While you may be marrying for love, marriage is both an emotional and economic commitment. Your potential spouse's financial situation will exert a very real influence on your life together. Your intended spouse's child support obligation -- whether it exists currently or has not yet been established -- is one area of his financial life that can affect your finances as well.
Child Support Calculation
Child support is calculated according to the laws of individual states. While each state has its own guidelines, exactly how much -- and for how long -- a parent will have to pay child support varies from state to state. In general, child support takes into account variables such as parental income, work-related child care, health insurance, extraordinary expenses and the existence of other support obligations. Typically, states don't factor in new spouses' incomes when calculating a child support obligation.
As a general rule, you have no obligation to support your spouse's children from other relationships; the support obligation falls squarely on the shoulders of the parents themselves. You do have an obligation to support your spouse. Therefore, your income and your personal financial situation can become relevant to your new husband's child support case because you affect his ability to support himself after paying child support.
Since you have a duty to support your husband, your income is relevant to determining how much money he can devote to his children from prior relationships. While his ex generally can't count your income directly, his ability to lean on you for financial support may constitute grounds for the court to deviate upward from the state guideline amount. Depending upon the laws of your particular jurisdiction, your husband's ex may be able to use his remarriage as a substantial change of circumstances justifying the modification of an existing order. On the other hand, your husband does have an obligation to support any children the two of you have together -- this means that he will have less income available to pay child support to his ex, and his obligation can be lowered.

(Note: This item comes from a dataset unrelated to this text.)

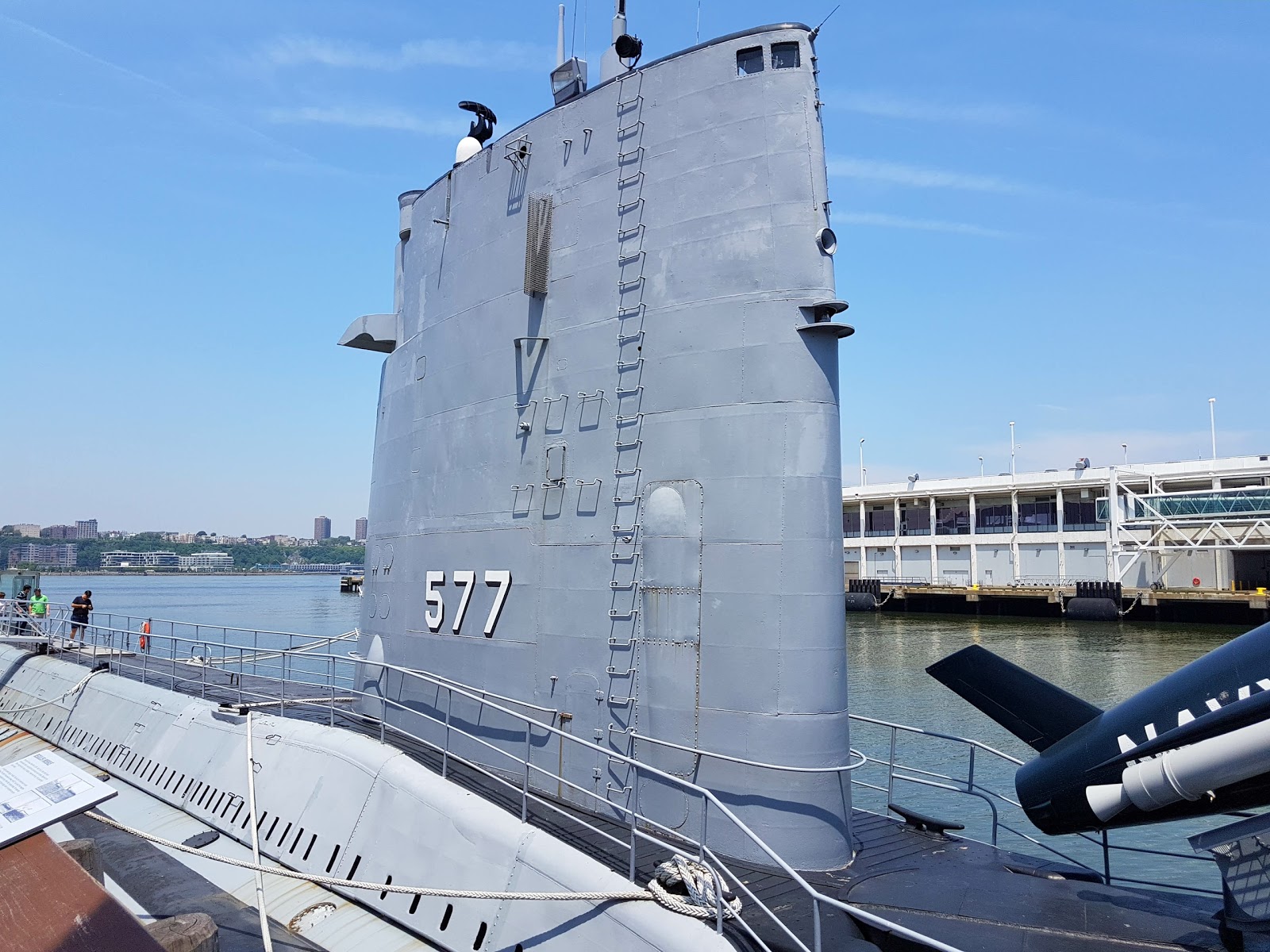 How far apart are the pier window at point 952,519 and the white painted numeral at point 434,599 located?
5832 centimetres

Just as your income affects his current child support obligation, it can affect his arrears. Child support "arrears" are child support amounts that came due and weren't paid; they constitute a debt that your new husband owes to his ex. Although courts generally can't reach your income or property when collecting your spouse's arrears, they can reach it indirectly. With you to support him, your husband can devote more of his income to paying down his arrears. The more money you earn, the more your husband's argument that he needs to spend at least part of his income on self-support becomes weaker.